Once again, the big telecoms are lagging behind their Dow Jones Industrial Average (DJINDICES:^DJI) peers. AT&T (NYSE:T) and Verizon Communications (NYSE:VZ) were the blue-chip index's two worst performers in afternoon trading. Each of these stocks got at least a 1% haircut while the Dow soldiered on to a 0.5% overall gain. And like so many times before, investors are worried about what smaller sector rival T-Mobile (NYSE:TMUS) is doing.
This time, T-Mobile launched a $40 "starter plan" for cost-conscious phone buyers. The plan take effect on Saturday with unlimited voice and texting, and includes 500 megabytes of 4G LTE data networking. The company promises not to charge data overage fees, but data access will simply stop when you hit the half-gigabyte threshold. You're free to buy additional data access at that point -- or just leave it blocked until the next billing cycle starts. There aren't automatic overage fees.
T-Mobile CEO John Legere posted a message to go with the announcement. In it, he gleefully attacked the "arrogant, out-of-touch US wireless industry" and all its faults. In particular, he giggled at the way the "big, fat, old-guard carriers" like to copy T-Mobile's so-called un-carrier moves, but with fleeting time limits or other restrictions on the consumer-friendly reforms.
The direct jabs at Verizon and AT&T are hardly even masked. In fact, Legere stabbed openly at AT&T, noting that its overage charges can add 44% to your monthly bill and noting that AT&T's rapid upgrade program makes you pay twice for a handset.
If the starter plan doesn't seem substantial enough to support more than a 1% discount on both of the telecom giants, Legere also said that it's only the first of "three days of Un-carrier announcements for consumers."

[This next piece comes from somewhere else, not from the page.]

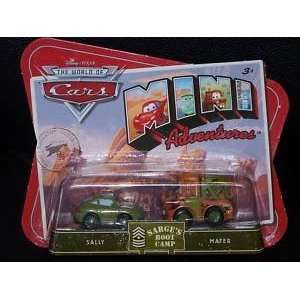   Pixar CARS Movie Toy Mini Adventures Sarges Boot Camp Sally & Mater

So keep an eye out for more news out of T-Mobile this week. The self-described un-carrier may move the Dow again, without ever having a seat at that exclusive table.
That's how T-Mobile shares jumped 0.2% higher while taking Verizon and AT&T down a notch. On a larger scale, Legere's company has absolutely crushed the big telecoms and the Dow over the last year, as the un-carrier program unfolded.

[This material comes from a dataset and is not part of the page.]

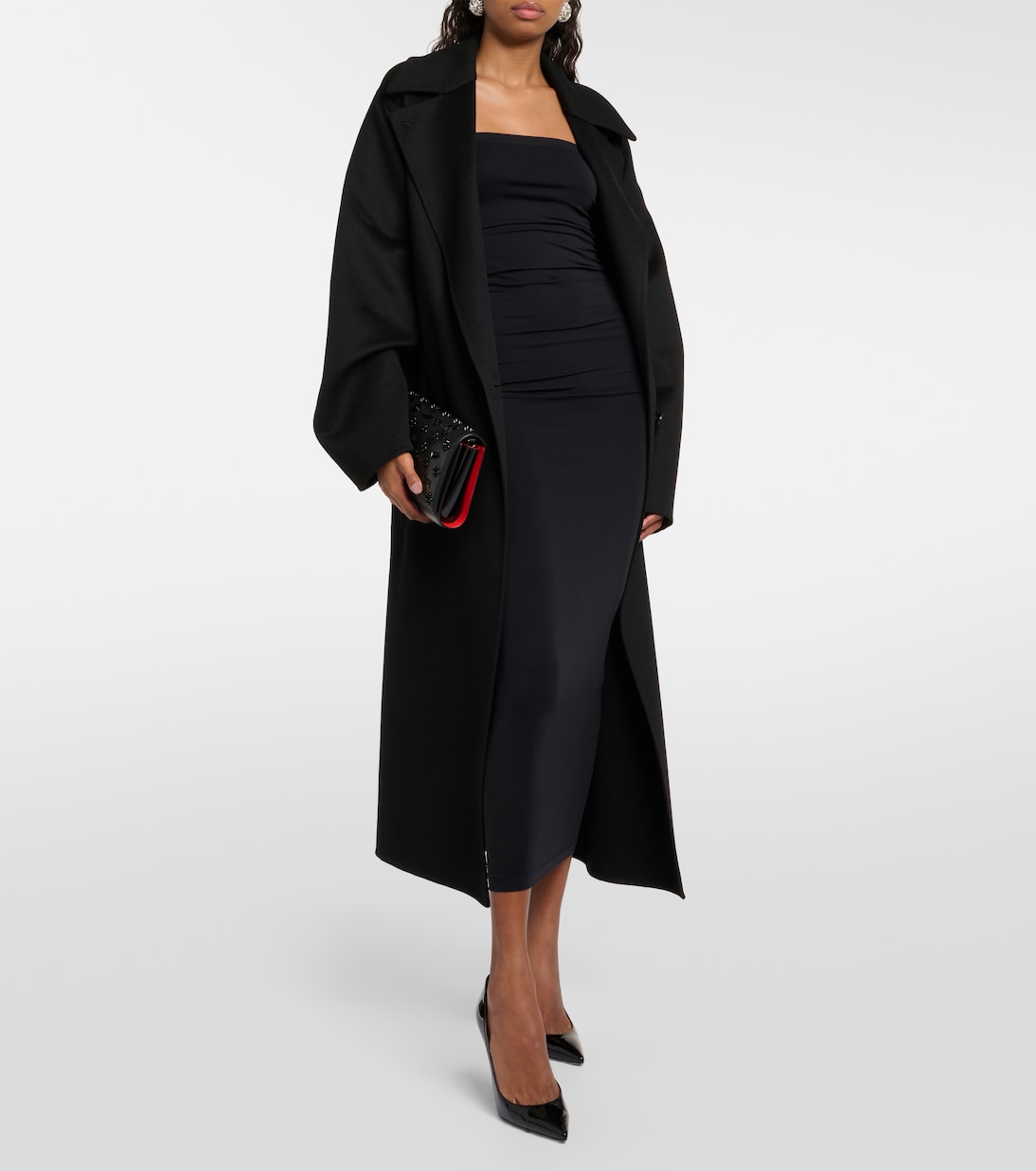Fatal strapless jersey maxi dress | Wolford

Will the victory march continue? Hard to say, but at the very least T-Mobile is forcing AT&T and Verizon to take a long, hard look at their business practices. The big winner here is the American consumer, with or without T-Mobile subscriptions.
Editor's note: An earlier version of this article said that data access would fall back to a slower standard after hitting the 500-megabyte limit. That's how many other T-Mobile plans work, but not the Simple Starter. The Fool regrets the error.